There is one work more very needful and expedient to travail, in which I esteem also to be the plain highway in our working (as much as may be) to Contemplation: and that is, for a man to enter into himself, to know his own soul and the powers thereof. By this inward sight thou shalt come to see the nobility and dignity that naturally it had in its first creation; and thou shalt also see the wretchedness and the mischief which thou art fallen into by sin. From this sight will arise a desire with great longing in thine heart to recover again that dignity and nobleness which thou hast lost. Also thou shalt feel a loathing and detestation of thyself, with a great will and desire to destroy and beat down thyself and all things that let thee from that dignity and that joy. This is a spiritual work, hard and sharp in the beginning, for those that will go speedily and seriously about it. For it is an exercise in the soul against the ground of all sins, little and great, which ground is nought else but a false mistrusted love of man to himself. Out of this love, as St Austin saith, springeth all manner of sin, deadly and venial.(John Climacus)

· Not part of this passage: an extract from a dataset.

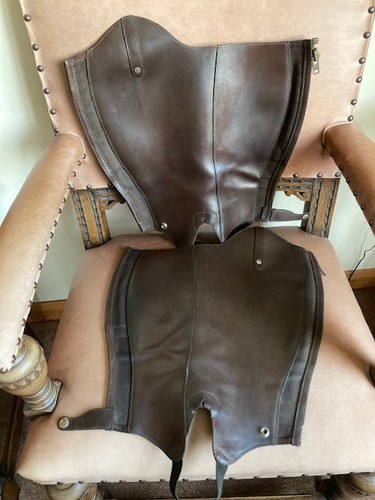 Brown leather gaiters - brown,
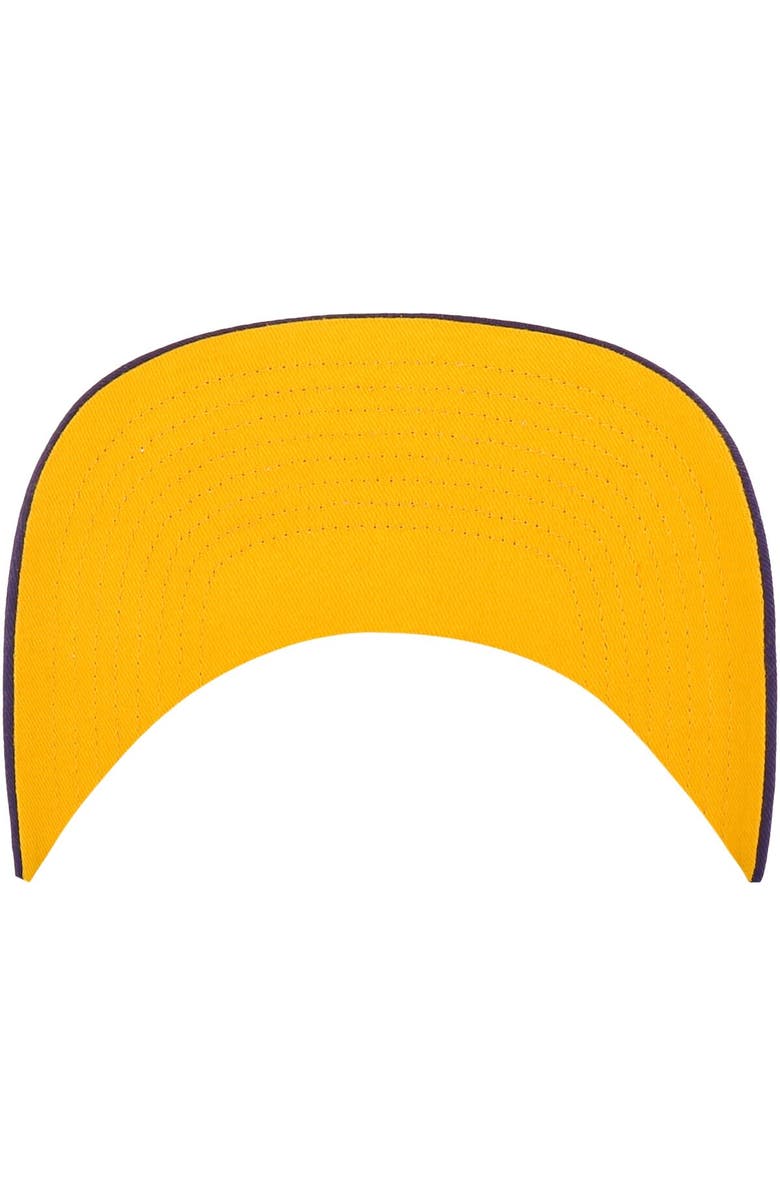 '47 Men's '47 Purple LSU Tigers Straight Eight Adjustable Trucker Hat, Alternate, color,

Just a few paragraphs before Climacus encouraged us to meditation and described it much as he describes contemplation. The confusion distracts me.

The self-examination described here - whatever it might be called - requires a kind of spiritual archeology, sifting through the detritus of the surface and several layers below to arrive at the original formation.

In Harv is Plowing, John Updike wrote, "I look up, and the stars in their near clarity press upon my face, bear in upon my guilt and shame with the strange, liquidly strong certainty that, humanly considered, the universe is perfectly transparent: we exist as flaws in ancient glass. And in apprehending this transparence my mind enters a sudden freedom, like insanity; the stars seem to me a roof, the roof of days from which we fall each night and survive, a miracle. I await resurrection Archeology is the science of the incredible. Troy and Harappa were fables until the shovel struck home."